Does AI Not Actually Think? Scientists Reveal the Secret Behind "Reasoning" Chains

23:24 / 27.06.2026·51·Technology

Recently, large reasoning models (LRM) such as OpenAI o1 and DeepSeek R1 have amazed the world with their seemingly human-like thinking abilities. However, a new scientific paper published by researchers at Arizona State University, led by Subbarao Kambampati, casts doubt on these perceptions. The scientists emphasize that the long "Chain of Thought" (CoT) of neural networks is not actually a real cognitive process, but simply statistical manipulation. This is reported by Ixbt.com news reports.

According to the researchers, the logical sequences created by modern AI systems form a convincing illusion in the user that an intellectual process is occurring. In reality, these models based on the Transformer architecture only statistically predict the next token (word fragment) based on the previous context. Equating this process with the human mechanism of logical inference is considered scientifically incorrect.

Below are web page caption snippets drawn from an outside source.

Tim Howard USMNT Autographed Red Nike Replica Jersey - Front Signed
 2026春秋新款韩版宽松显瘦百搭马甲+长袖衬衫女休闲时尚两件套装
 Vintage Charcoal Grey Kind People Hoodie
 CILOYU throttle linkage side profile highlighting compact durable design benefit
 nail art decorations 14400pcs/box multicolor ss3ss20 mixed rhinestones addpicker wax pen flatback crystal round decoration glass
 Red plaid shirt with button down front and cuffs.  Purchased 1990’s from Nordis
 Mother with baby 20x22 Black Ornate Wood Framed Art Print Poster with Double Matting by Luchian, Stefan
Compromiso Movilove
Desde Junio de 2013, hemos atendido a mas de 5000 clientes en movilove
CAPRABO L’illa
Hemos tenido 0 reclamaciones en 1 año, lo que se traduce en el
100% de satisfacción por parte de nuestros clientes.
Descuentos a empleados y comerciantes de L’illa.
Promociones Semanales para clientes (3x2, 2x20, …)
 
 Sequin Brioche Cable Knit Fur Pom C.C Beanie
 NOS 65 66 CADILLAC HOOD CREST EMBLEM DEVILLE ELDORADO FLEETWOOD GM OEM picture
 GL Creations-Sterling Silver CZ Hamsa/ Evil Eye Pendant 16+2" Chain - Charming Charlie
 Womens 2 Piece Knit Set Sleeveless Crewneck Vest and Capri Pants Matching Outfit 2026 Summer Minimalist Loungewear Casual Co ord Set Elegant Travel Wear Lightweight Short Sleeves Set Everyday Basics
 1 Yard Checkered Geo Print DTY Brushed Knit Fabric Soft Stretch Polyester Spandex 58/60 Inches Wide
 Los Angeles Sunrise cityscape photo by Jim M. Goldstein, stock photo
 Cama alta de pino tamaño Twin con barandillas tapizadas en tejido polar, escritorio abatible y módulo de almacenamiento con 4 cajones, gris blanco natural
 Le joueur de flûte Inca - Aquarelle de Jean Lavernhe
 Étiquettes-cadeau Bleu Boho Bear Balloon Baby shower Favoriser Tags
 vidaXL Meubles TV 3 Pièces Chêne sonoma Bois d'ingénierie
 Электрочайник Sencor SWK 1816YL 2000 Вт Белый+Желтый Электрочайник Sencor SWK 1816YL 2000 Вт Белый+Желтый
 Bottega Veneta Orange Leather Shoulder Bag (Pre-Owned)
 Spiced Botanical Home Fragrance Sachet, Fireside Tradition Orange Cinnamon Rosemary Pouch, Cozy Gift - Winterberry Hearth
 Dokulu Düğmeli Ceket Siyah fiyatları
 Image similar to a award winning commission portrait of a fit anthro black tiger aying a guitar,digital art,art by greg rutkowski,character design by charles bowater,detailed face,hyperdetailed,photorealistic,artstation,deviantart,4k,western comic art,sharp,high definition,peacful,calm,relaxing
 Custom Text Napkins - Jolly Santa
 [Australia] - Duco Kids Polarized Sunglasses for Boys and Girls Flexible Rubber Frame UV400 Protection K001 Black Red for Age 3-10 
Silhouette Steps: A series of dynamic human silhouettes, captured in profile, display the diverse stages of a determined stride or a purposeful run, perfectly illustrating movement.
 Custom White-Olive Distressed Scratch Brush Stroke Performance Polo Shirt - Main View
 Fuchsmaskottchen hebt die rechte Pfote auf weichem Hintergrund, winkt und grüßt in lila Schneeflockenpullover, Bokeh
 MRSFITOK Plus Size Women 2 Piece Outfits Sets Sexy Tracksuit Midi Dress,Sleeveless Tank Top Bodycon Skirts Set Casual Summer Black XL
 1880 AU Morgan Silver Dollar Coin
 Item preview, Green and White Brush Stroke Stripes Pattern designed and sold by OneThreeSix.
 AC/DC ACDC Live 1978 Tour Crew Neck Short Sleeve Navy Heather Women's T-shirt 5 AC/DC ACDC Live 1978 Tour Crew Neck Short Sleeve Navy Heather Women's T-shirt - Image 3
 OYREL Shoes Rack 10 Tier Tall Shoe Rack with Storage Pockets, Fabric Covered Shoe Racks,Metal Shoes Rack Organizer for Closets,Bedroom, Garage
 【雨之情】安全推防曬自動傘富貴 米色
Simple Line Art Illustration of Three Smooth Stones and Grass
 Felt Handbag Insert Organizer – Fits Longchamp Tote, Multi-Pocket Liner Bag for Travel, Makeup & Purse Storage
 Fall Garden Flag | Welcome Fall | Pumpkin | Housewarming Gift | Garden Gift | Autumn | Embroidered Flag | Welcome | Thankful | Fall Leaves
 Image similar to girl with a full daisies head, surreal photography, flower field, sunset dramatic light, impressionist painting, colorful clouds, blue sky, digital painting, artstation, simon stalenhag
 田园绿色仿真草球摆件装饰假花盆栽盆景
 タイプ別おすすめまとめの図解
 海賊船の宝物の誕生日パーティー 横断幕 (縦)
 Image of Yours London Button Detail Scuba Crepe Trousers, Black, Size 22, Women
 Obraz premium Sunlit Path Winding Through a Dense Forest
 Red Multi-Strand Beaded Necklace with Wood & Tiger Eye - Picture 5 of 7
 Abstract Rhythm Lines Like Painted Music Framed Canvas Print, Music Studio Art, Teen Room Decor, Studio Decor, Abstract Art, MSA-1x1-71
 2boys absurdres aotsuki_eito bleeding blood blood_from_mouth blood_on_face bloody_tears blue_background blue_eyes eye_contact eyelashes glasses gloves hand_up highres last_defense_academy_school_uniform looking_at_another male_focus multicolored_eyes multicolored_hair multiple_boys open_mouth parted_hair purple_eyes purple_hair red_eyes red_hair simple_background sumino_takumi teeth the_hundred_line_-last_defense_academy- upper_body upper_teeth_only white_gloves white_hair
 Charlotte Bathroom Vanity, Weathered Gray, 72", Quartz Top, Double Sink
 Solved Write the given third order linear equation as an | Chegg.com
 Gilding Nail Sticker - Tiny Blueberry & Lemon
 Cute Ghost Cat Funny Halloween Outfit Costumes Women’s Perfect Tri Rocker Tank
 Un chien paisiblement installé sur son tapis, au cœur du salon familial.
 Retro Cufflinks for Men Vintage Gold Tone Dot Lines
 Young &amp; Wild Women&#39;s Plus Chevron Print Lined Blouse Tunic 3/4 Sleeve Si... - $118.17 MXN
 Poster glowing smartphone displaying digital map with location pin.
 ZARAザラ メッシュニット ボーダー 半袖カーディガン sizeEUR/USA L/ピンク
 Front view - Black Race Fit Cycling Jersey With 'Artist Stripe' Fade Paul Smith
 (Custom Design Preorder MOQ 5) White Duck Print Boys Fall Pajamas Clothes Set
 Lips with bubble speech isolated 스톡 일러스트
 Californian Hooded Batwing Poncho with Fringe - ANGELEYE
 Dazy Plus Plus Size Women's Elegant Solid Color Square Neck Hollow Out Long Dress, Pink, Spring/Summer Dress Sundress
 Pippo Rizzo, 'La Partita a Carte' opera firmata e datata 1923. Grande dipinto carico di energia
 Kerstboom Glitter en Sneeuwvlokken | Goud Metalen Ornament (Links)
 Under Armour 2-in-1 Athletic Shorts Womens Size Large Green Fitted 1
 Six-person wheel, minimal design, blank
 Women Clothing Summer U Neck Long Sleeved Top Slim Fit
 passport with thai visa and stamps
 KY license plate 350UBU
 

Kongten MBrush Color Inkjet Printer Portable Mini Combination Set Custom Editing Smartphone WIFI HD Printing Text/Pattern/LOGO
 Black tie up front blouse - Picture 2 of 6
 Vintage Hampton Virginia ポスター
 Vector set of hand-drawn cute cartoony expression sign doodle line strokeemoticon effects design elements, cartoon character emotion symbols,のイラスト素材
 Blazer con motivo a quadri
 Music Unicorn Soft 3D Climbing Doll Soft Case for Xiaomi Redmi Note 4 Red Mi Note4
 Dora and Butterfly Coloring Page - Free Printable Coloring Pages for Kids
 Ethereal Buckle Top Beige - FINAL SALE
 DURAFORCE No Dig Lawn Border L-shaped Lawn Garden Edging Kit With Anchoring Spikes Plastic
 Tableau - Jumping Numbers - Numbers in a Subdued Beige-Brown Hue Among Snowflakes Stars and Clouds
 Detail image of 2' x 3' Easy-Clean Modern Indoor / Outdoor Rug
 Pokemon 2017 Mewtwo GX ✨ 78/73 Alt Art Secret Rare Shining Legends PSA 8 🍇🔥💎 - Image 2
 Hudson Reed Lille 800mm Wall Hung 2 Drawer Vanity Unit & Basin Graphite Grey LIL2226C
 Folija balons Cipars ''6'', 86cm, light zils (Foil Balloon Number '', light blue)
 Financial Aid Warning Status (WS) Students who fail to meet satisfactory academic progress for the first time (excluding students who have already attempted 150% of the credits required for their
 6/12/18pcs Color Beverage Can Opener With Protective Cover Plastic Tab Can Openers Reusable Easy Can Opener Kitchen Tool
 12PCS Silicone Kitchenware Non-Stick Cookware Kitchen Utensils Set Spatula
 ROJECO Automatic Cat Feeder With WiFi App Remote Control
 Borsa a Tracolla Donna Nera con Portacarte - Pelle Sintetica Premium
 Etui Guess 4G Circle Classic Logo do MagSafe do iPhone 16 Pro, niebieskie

The "Eureka" moment — mere imitation

The scientific paper pays special attention to the use of phrases like "Aha-moment," or "Yes, now I understand," by AI models, as if they have suddenly grasped the problem. Scientists call this not a qualitative change in the neural network's internal calculations, but simply an imitation of human style found in the training data. From a technical point of view, these systems are optimized only for the final correct answer, and the intermediate chains undergo no semantic verification.

According to ixbt.com, researchers used mathematical tasks such as exiting mazes and finding the shortest path to prove their hypotheses. An unexpected result was recorded during the experiments: the models continued to find the correct answer even when the chain of logical explanations was intentionally incorrect or confusing. This shows that the system does not "read" its own reasoning, but simply uses it as an additional statistical template.

Another interesting case was observed in an experiment called "no-maze instances." In this, the AI was given an extremely simple maze task without any obstacles. Despite this, the models generated several pages of "reasoning." This case invalidates the view that the length of reasoning indicates computing power or complexity. Long texts are simply a statistical artifact resulting from the fact that complex problems in the training database were accompanied by long explanations.

The "Theater of Reasoning" and its risks

Scientists warn the AI field against falling into the trap of the "theater of reasoning." The convincing explanations provided by the systems can evoke false trust in users. This is especially dangerous in fields such as medicine, engineering, and law, as a human cannot physically keep up with verifying dozens of pages of logical chains generated by a machine in real time.

The authors of the study propose the LLM-Modulo approach as an alternative. In this, language models are used only as hypothesis generators, and their correctness is verified using external, mathematically rigorous algorithms. The main conclusion is that we must stop anthropomorphizing AI models and evaluate their quality not by their "internal monologue," but by results that can be independently verified.